The overall result is a way of recognizing the multiple different senses that some words can have.
They also identify the category of each question so that the computer then knows which answering strategy it should employ. This is straightforward since the questions in each category have similar structures.
Just over 100 years ago, the German psychologist William Stern introduced the intelligence quotient test as a way of evaluating human intelligence. Since then, IQ tests have become a standard feature of modern life and are used to determine children’s suitability for schools and adults’ ability to perform jobs.
These tests usually contain three categories of questions: logic questions such as patterns in sequences of images, mathematical questions such as finding patterns in sequences of numbers and verbal reasoning questions, which are based around analogies, classifications, as well as synonyms and antonyms.
They devised an algorithm for solving each question using the standard vector methods but also the multi-sense upgrade they’ve developed.

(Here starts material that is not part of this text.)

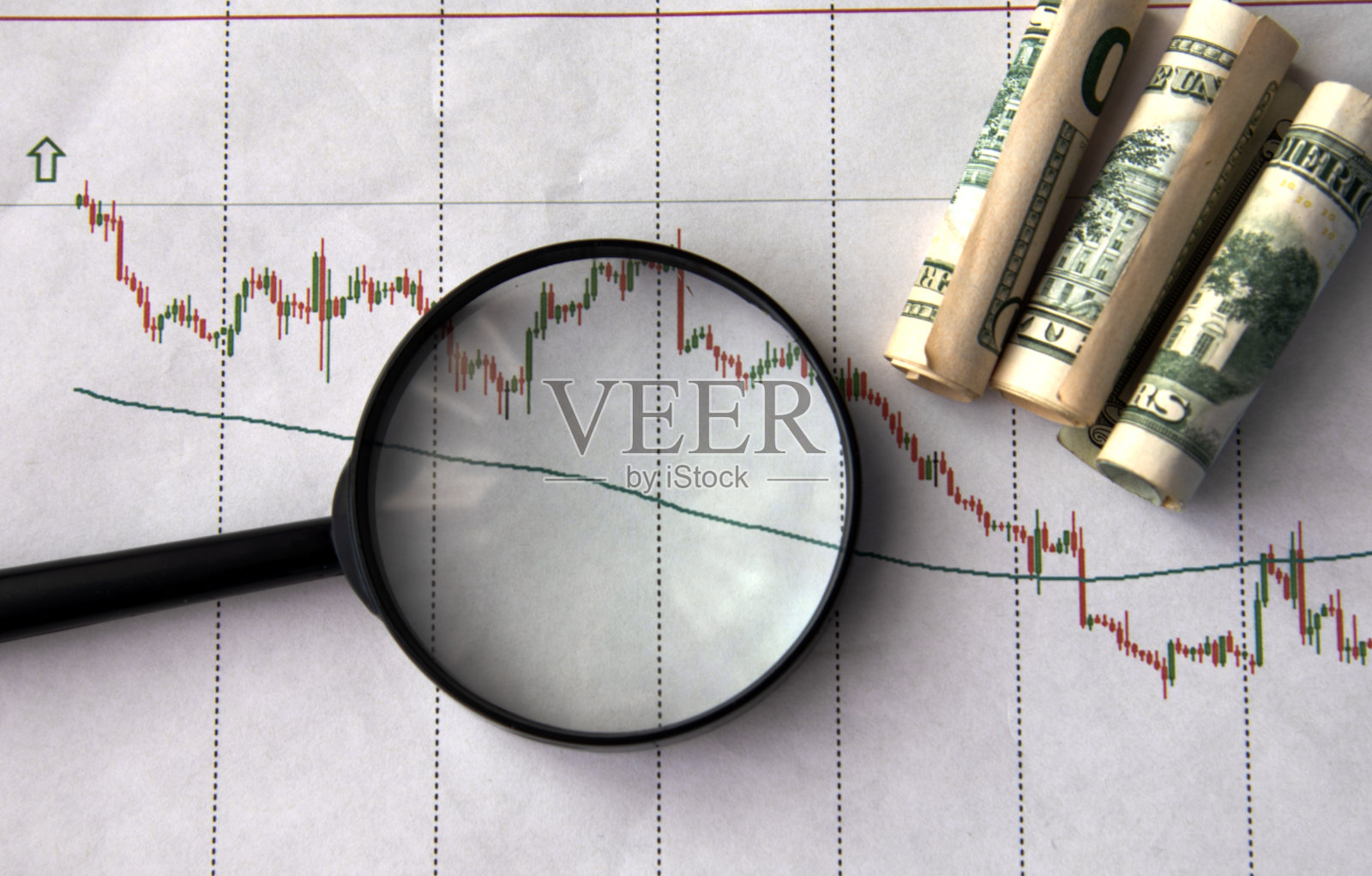 放大镜里的钞票，图表。财务分析、审计或会计照片摄影图片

They compare this deep learning technique with other algorithmic approaches to verbal reasoning tests and also with the ability of humans to do it. For this, they posed the questions to 200 humans gathered via Amazon’s Mechanical Turk crowdsourcing facility along with basic information about their ages and educational background.

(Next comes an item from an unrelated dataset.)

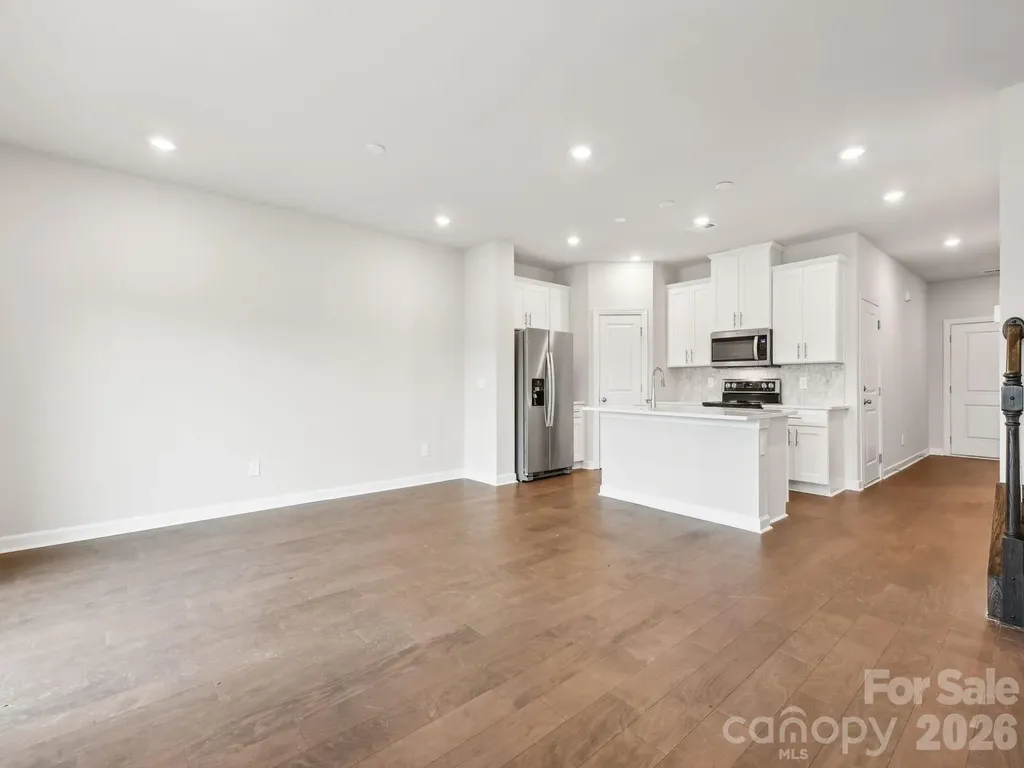 9040 Foggy Brook Loop Charlotte NC 28216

And the results are impressive. “To our surprise, the average performance of human beings is a little lower than that of our proposed method,” they say.
Human performance on these tests tends to correlate with educational background. So people with a high school education tend to do least well, while those with a bachelor’s degree do better and those with a doctorate perform best. “Our model can reach the intelligence level between the people with the bachelor degrees and those with the master degrees,” say Huazheng and co.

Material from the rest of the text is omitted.